Vincent Kerserho a 69 ans. Mais il le dit autrement. « Quel âge, j’ai ? Seize mois d’écart avec Bernard Hinot ! » Cet ancien professeur des écoles, fou de vélo, est dorénavant un aventurier. Frustré de n’avoir qu’une seule vie pour réaliser tous ses désirs d’aventure, le retraité qui a longtemps espéré une carrière professionnelle dans le monde cycliste rattrape le temps perdu en sillonnant les routes du monde sur ses deux-roues.
L’année dernière, il a relié le cap Finistère au cap Nord en Norvège, un périple de plus de 10 000 kilomètres avalés à la force des jambes. L’année précédente, il avait parcouru l’équivalent du Tour de France 1926, le plus long de l’histoire. « Je me sens étonnamment en forme ces dernières années, alors autant en profiter », sourit le sexagénaire.
« Tester mon cœur »
Vincent est un passionné. « Non pas de l’exploit ou du record, mais de la performance physique », explique-t-il. Lui qui rêve les yeux ouverts devant les prouesses des aventuriers du Vendée Globe, garde toujours ce regard d’enfant quand il parle d’exploration. Après tous ces efforts, il rêvait d’encore plus grand, de se pousser encore plus loin dans ses limites, et quoi de mieux pour ça que l’inconnu ?

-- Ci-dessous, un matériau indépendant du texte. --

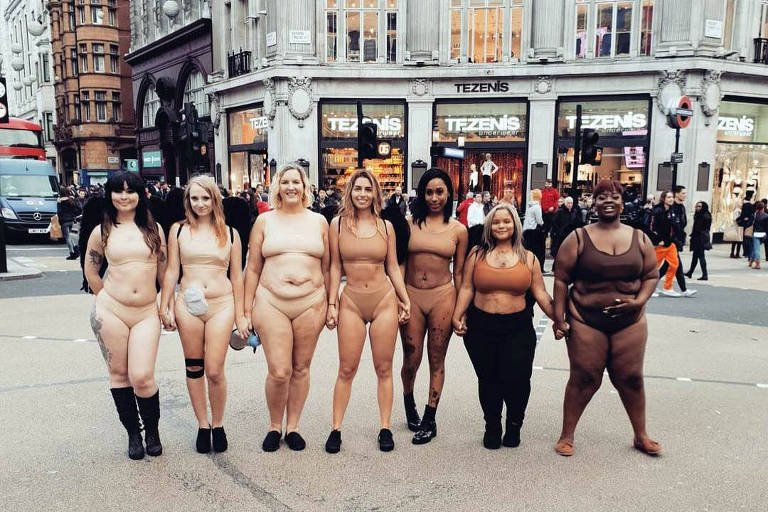 Em Londres, sete mulheres protestam contra a falta de diversidade da Victoria's Secret.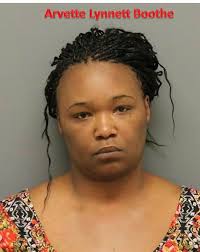 SOUTH PRECINCT OFFICERS REMOVE GUNS AND DRUGS FROM HOME ON 35TH STREET: On  January 26th, 2017 at 4 PM, Newport News Police responded to the 700 Block  of 35th Street for multiple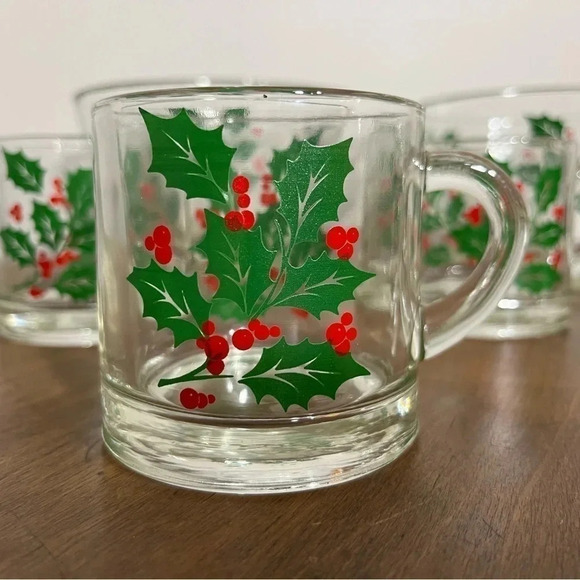 Vintage MCM Holly Berry Christmas Mugs and Ice Bucket/Bowl Set - Picture 2 of 10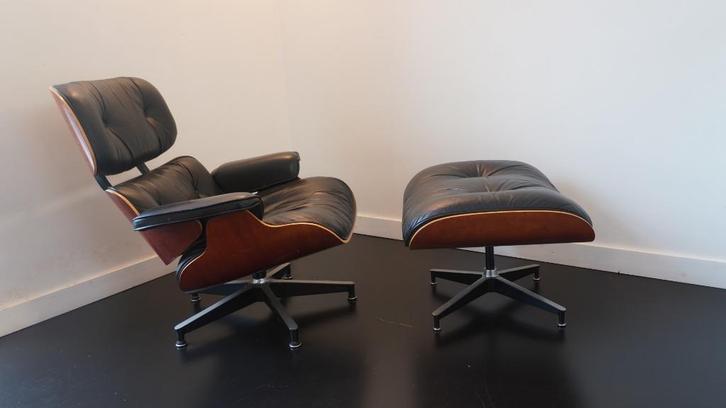 Herman Miller Eames Lounge chair + Ottoman, Huis en Inrichting, Fauteuils, Zo goed als nieuw, Hout, Leer, Metaal, 75 tot 100 cm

« L’Himalaya… Rien que le nom, ça me fait rêver. Je pense à tous ces aventuriers, alpinistes, marcheurs, ethnologues, qui ont accompli des exploits », déroule-t-il. Après avoir voulu toujours plus loin, il fallait bien que le Senpertar vise toujours plus haut.
Il arrive au Tibet, avec l’envie de grimper à vélo les cols les plus hauts du monde, frôlant parfois les 6 000 mètres. Son challenge : « Tester mon cœur, voir jusqu’où je peux pousser. » Jusque-là son record personnel s’arrête à 2 800 mètres, soit la hauteur du Col de la Bonnette. Mais rien n’entame son assurance : « On double oui, mais ça ne me fait pas peur. »

Vincent Kerserho
« La vie que je voulais avoir »
Sur une petite feuille de papier qui lui sert de carnet de route, neuf cols sont répertoriés. « Umlingla, 5 798 mètres, Chang la, 5 360 mètres… Je ne vais peut-être pas tous les faire, mais déjà quelques-uns, ça serait magique » glisse-t-il. « Je ne sais pas jusqu’où je pourrais aller mais grâce à toutes mes aventures je sens que j’ai repoussé encore plus mes limites physiques. Partir seul m’a aussi appris à me connaître davantage », reprend-il, en confiance.

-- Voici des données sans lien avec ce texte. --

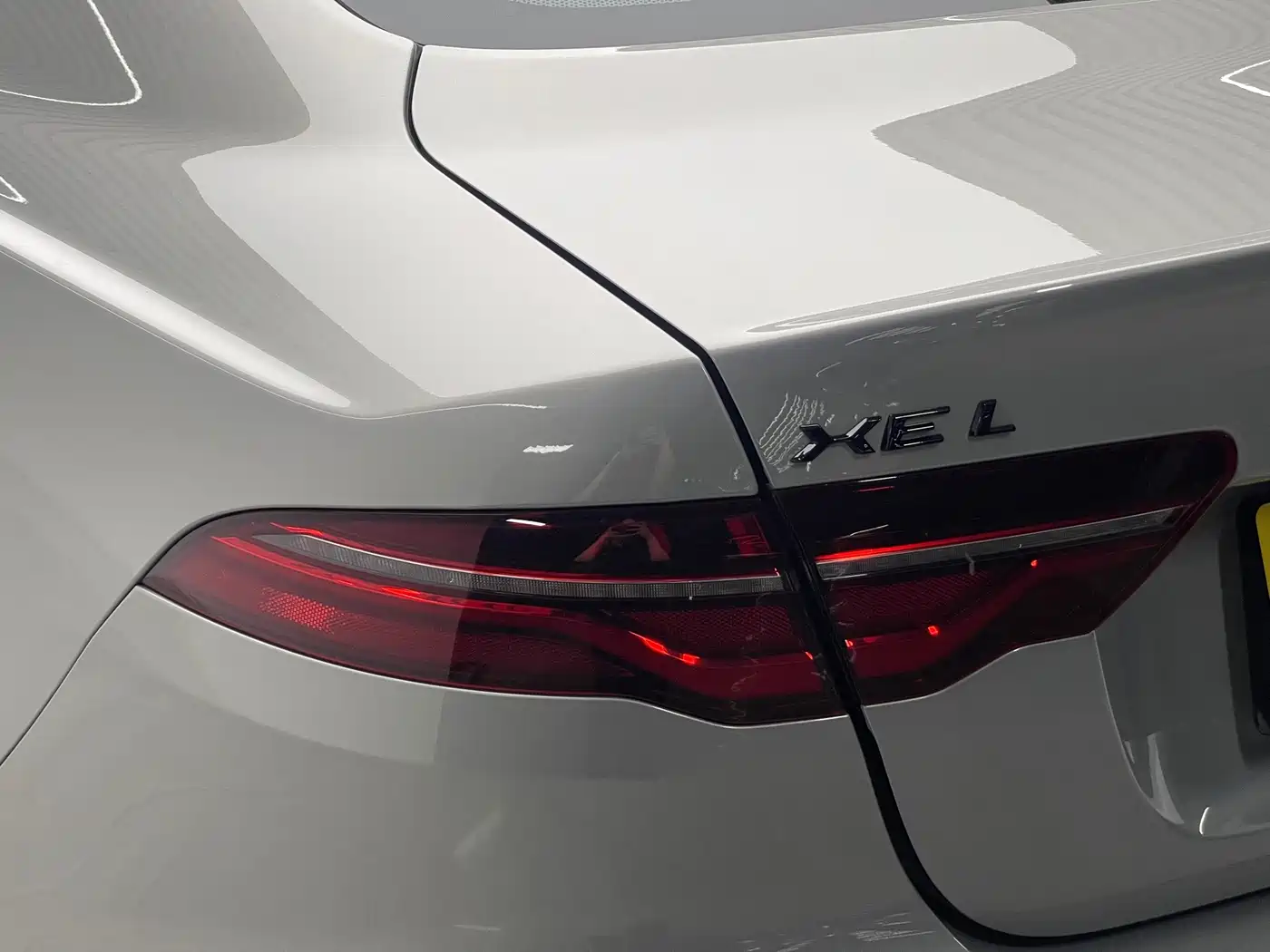 Jaguar XEL 2024 2024 Model 2.0T 250PS R-DYNAMIC S Gloss Black Sport Edition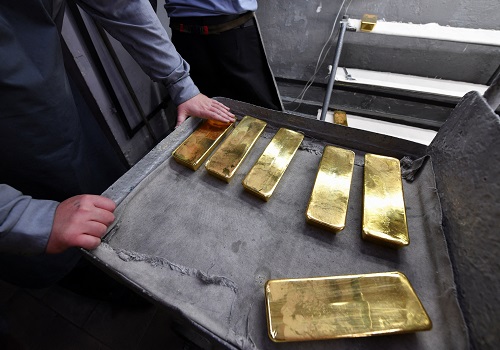 Gold bound for third straight weekly gain on Fed pause views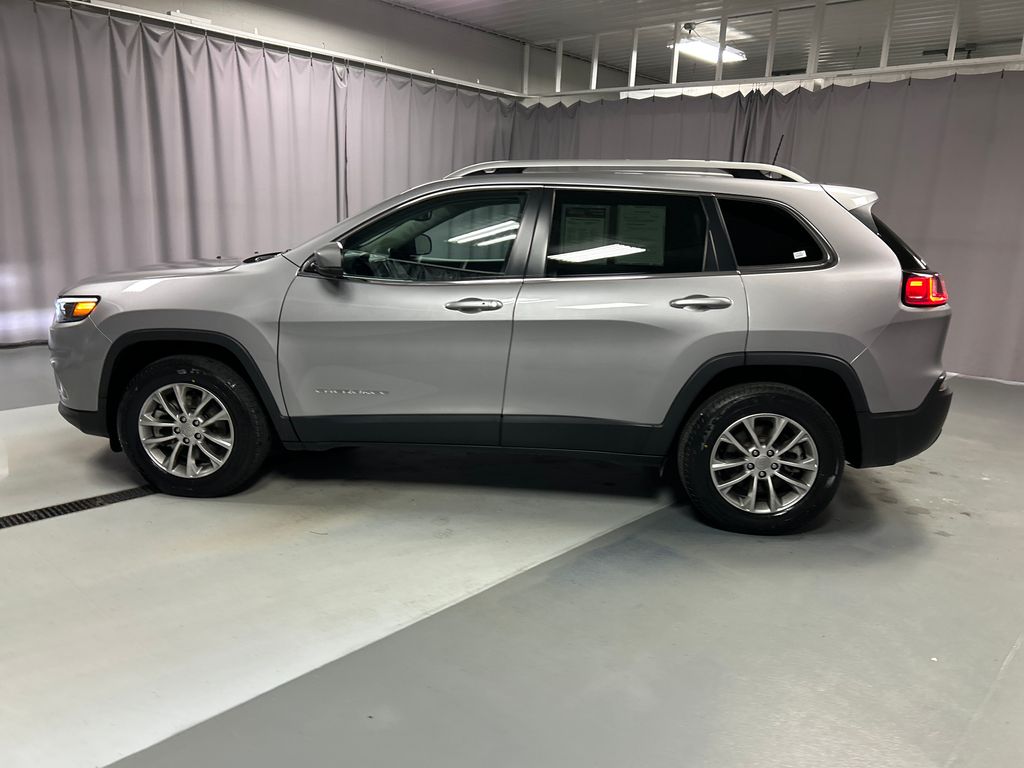 2021 Jeep Cherokee Latitude Lux photo 4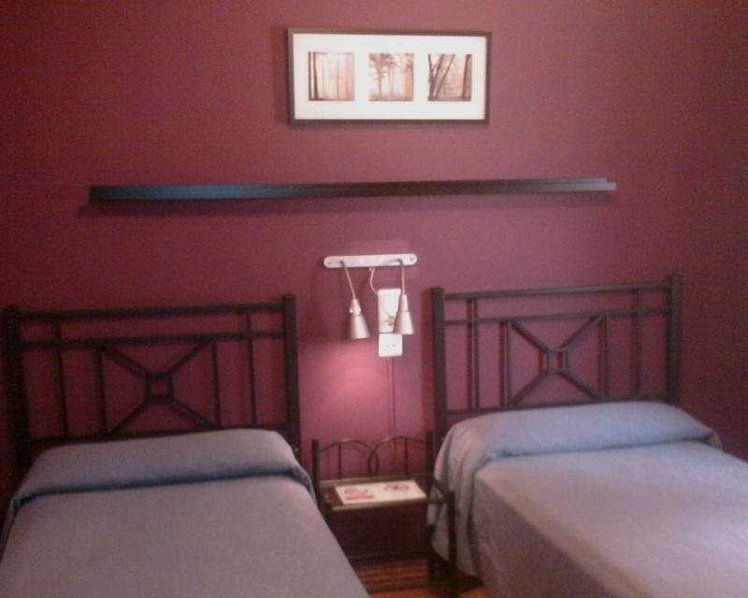 SINGLE STANDARD Room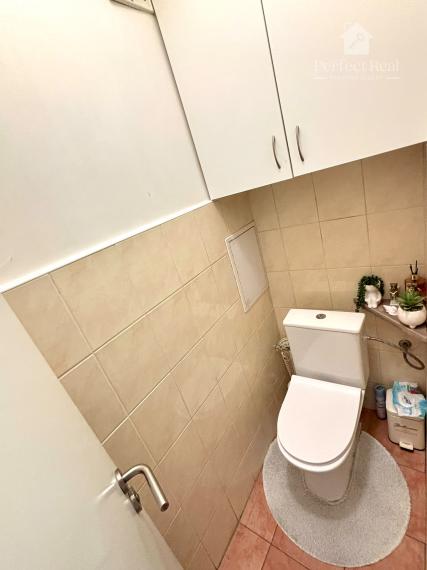 Slnečný, 3izbový tehlový byt s balkónom, klímou a veľkou pivnicou – Zlaté Klasy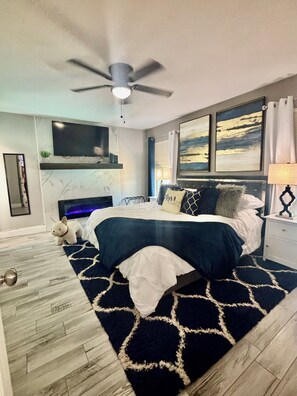 4 bedrooms, desk, iron/ironing board, travel crib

Au-delà du défi sportif, Vincent témoigne d’une soif d’évasion et de rencontres. « Quand on regarde le Tour de France, il y a aussi cette facette culturelle, les monuments, le terroir, les coutumes locales, la cuisine surtout, j’adore ça ! C’est aussi cela que je veux chercher là-bas ». Plus qu’un challenge, l’actif retraité regarde tout cela « comme un jeu ».
Un jeu dont il écrit lui-même les règles, sans pression et avec l’intention d’en profiter à pleins poumons. « C’est la vie que je voulais avoir depuis le début », confiait-il au moment de boucler ses bagages.